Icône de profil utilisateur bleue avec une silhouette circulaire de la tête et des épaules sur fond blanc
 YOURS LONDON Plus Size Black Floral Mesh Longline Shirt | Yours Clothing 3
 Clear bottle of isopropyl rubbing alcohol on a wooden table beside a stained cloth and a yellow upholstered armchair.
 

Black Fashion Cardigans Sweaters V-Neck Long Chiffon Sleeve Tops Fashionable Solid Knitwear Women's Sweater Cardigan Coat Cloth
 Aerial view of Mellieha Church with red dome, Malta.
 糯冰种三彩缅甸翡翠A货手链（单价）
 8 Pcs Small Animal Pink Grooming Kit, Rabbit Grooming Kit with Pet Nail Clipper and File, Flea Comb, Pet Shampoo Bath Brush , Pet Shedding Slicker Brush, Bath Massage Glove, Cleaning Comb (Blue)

——————————

Copy out, from the records above, every line that holds the string "Black".

 YOURS LONDON Plus Size Black Floral Mesh Longline Shirt | Yours Clothing 3
Black Fashion Cardigans Sweaters V-Neck Long Chiffon Sleeve Tops Fashionable Solid Knitwear Women's Sweater Cardigan Coat Cloth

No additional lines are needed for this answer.